# Inequalities and area

Find the area of the region which contains all the points satisfying the inequalities $|x-2y|+ |x+2y|\leq 8$ and $xy\geq 2$.

My attempt- I considered the case when $x>2y$.the second inequality gives $2y^2\geq 2$,which gives $y^2\geq 1$. And first inequality reduces to $2x\leq 8$, $x\leq 4$. After all this I could not proceed and am far behind the numerical answer of $2(6-2\ln 4)$ sq. units.

Well, let's first think of the boundary $\left|x-2y\right|+\left|x+2y\right|=8$.

Case 1: $x\geq2y$ and $x\geq-2y$

$$\left|x-2y\right|+\left|x+2y\right|=2x=8$$ Case 2: $x\leq2y$ and $x\geq-2y$

$$\left|x-2y\right|+\left|x+2y\right|=4y=8$$

Case 3: $x\leq2y$ and $x\leq-2y$

$$\left|x-2y\right|+\left|x+2y\right|=-2x=8$$

Case 4: $x\geq2y$ and $x\leq-2y$

$$\left|x-2y\right|+\left|x+2y\right|=-4y=8$$

Piecing it all together, we have the lines $x=4$, $x=-4$, $y=2$, $y=-2$, which are cut into line segments by the lines $2y=x$ and $2y=-x$. These line segments come together to form a $8\times4$ rectangle centered at the origin. The region $\left|x-2y\right|+\left|x+2y\right|\leq8$ is the interior of this rectangle.

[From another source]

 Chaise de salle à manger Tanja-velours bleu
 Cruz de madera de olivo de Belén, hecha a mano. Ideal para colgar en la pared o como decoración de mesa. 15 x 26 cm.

So our graph looks something like this: We need to find the intersection of the blue and red areas. We can just find the area of the upper right intersection, and then multiply the result by $2$. Note that the blue and red graphs intersect in the first quadrant at $(1,2)$ and $\left(4,\frac{1}{2}\right)$. Consider a rectangle with vertices $(1,2)$, $(1,0)$, $(4,0)$, and $(4,2)$. Note that it has an area of 6. Note that the area of the aforementioned rectangle minus the upper left intersection area is equal to $\int_1^4 \frac{2dx}{x}=2\ln(4)-2\ln(1)=\ln(4)$. So the area of one intersection is $6-2\ln(4)$, and our final answer is $2(6-2\ln(4))=12-4\ln(4)$.

Alternative approach.

We change the variables: let $u=x-2y$ and $v=x+2y$. Then $x=(u+v)/2$, $y=(v-u)/4$. Moreover the domain $$D=\{(x,y): |x-2y|+ |x+2y|\leq 8, xy\geq 2\}$$ is trasformed into $$D'=\{(u,v): |u|+ |v|\leq 8, v^2-u^2\geq 16\}$$ with a factor of transformation $|\partial(x,y)/\partial(u,v)|=1/4$.

Hence the area is $$\iint_D dx dy=\frac{1}{4}\iint_{D'}dudv=\frac{4}{4}\int_{u=0}^3\int_{v=\sqrt{16+u^2}}^{8-u}dv du\\=\int_{u=0}^3\left(8-u-4\sqrt{1+(u/4)^2}\right)du=12-4\ln(4).$$

We divide the region into four cases, namely

(i) $x-2y\ge0$, $x+2y\ge0$, (ii) $x-2y\ge0$, $x+2y\le0$, (iii) $x-2y\le0$, $x+2y\ge0$ and (iv) $x-2y\le0$, $x+2y\le0$.

For (i), the region is $x-2y+x+2y=2x\le8$, viz. $x\le4$, $x-2y\ge0$, $x+2y\ge0$ and $xy\ge2$. For (iii), the region is $x+2y-x+2y=4y\le8$, viz. $y\le2$, $x-2y\le0$, $x+2y\ge0$ and $xy\ge2$. Thus (i) and (iii) combined form the region $\{(x,y):1\le x\le4,2/x\le y\le2\}$, which has an area of $$\int^4_1\left(2-\frac{2}{x}\right)dx=6-2\log 4.$$ By symmetry, the regions (ii) and (iv) combined has an area of $6-2\log 4$ also. Hence the numerical answer of $2(6-2\log 4)$.